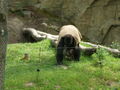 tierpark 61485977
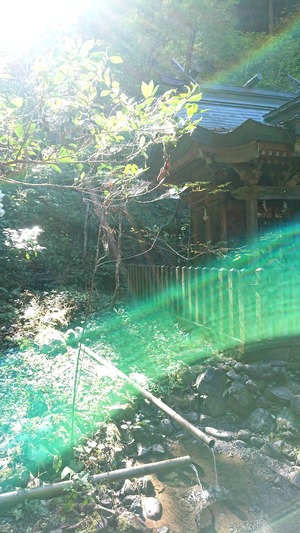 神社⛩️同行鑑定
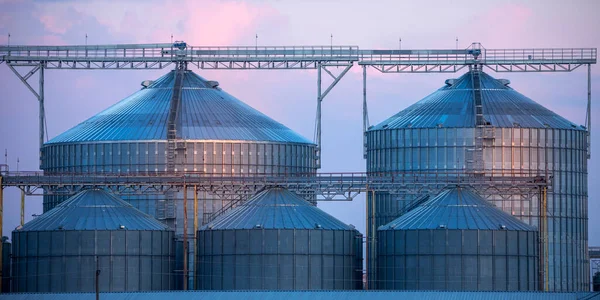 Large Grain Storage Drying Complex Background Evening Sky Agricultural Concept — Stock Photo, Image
────
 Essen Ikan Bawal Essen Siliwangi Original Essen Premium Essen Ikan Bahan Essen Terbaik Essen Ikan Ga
────
PROMPT:
Give exactly the lines above that run from the line with "tierpark 61485977" to the line with "Large Grain Storage", both included, leaving every picture out.

RESPONSE BOX:
 tierpark 61485977
 神社⛩️同行鑑定
 Large Grain Storage Drying Complex Background Evening Sky Agricultural Concept — Stock Photo, Image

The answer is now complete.